WORK ORDER → Copy out every line of the data exactly; do not include the images.

DATA PROVIDED →
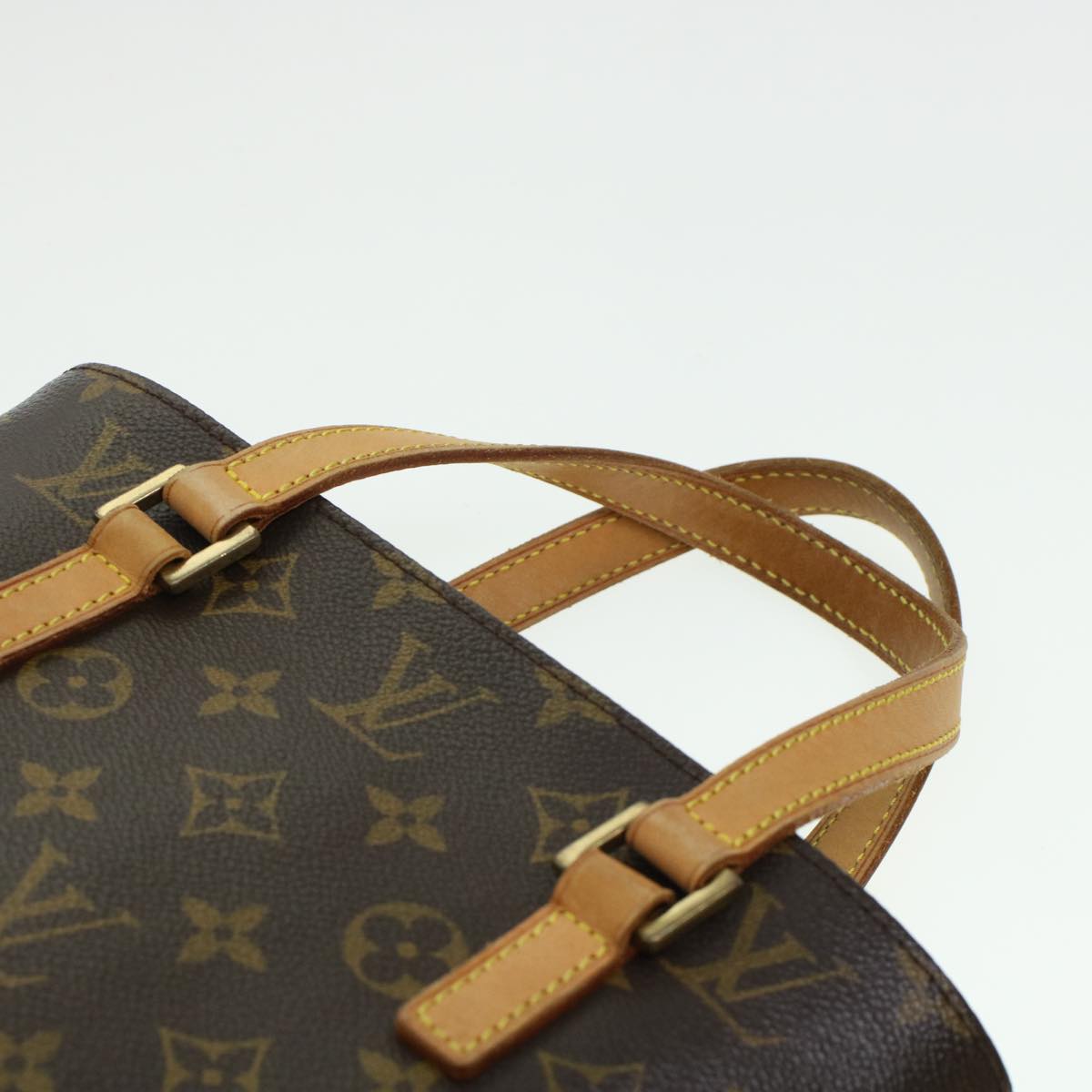 LOUIS VUITTON Monogram Vavin PM Tote Bag M51172 LV Auth 45039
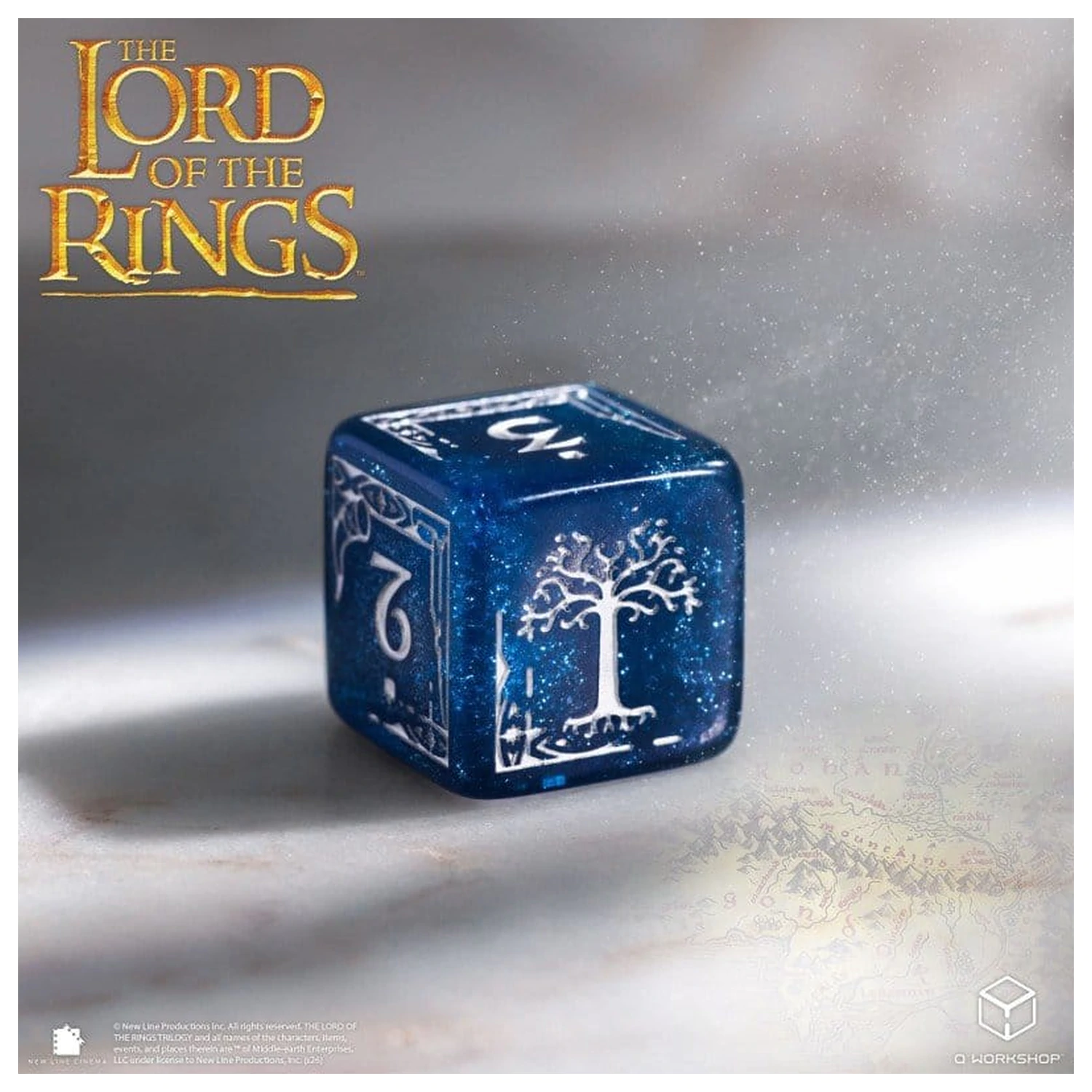The Lord of the Rings Set de 7 Zaruri Gondor poza produsului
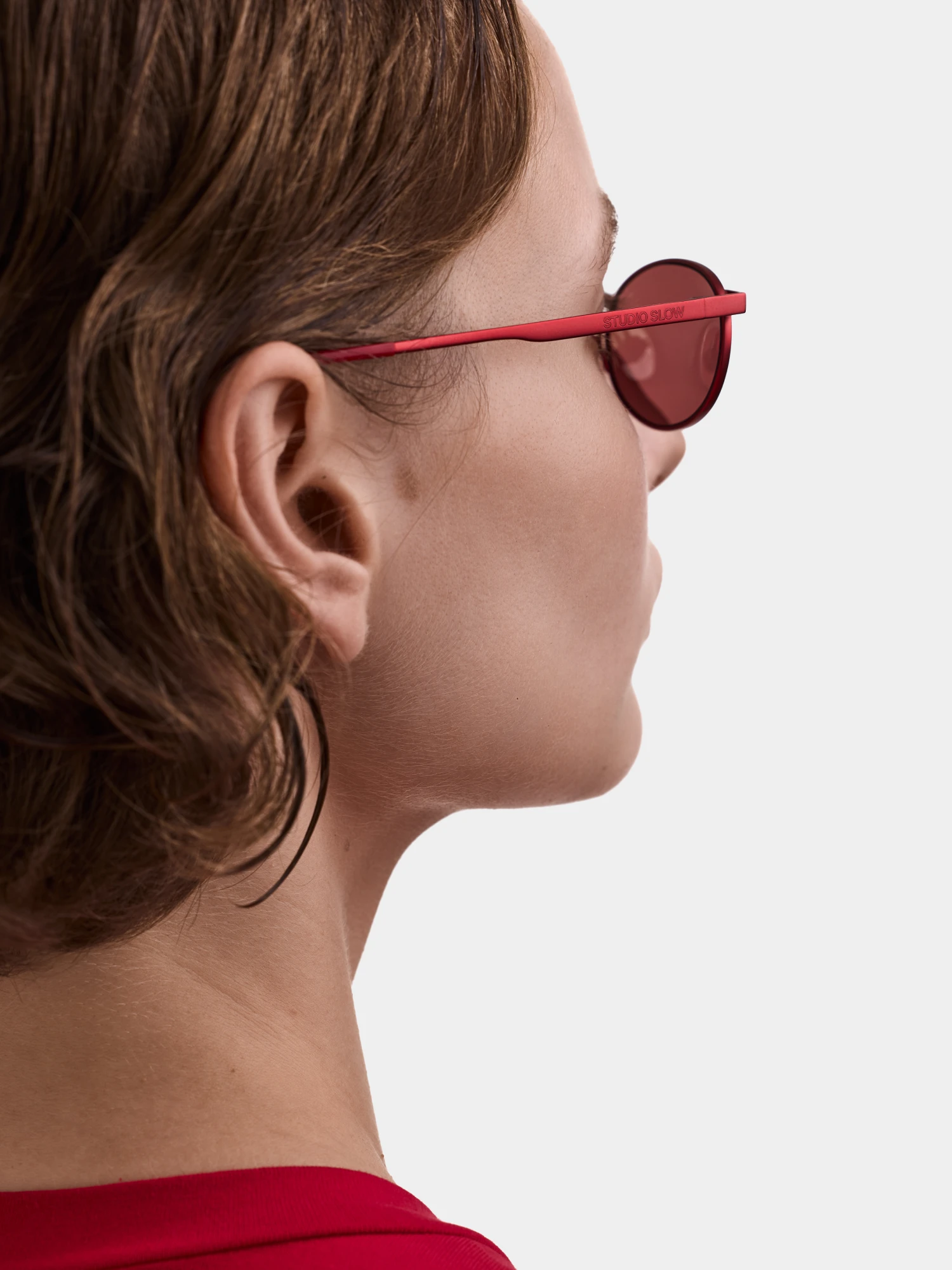 Очки Studio Slow X FAKOSHIMA McLovin Red Tinted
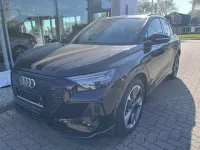 Gebraucht Audi e-tron S-Line 210 kW (286 PS) 2024 Mythosschwarz metallic (metallic) SUV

TASK SOLUTION →
 LOUIS VUITTON Monogram Vavin PM Tote Bag M51172 LV Auth 45039
The Lord of the Rings Set de 7 Zaruri Gondor poza produsului
 Очки Studio Slow X FAKOSHIMA McLovin Red Tinted
 Gebraucht Audi e-tron S-Line 210 kW (286 PS) 2024 Mythosschwarz metallic (metallic) SUV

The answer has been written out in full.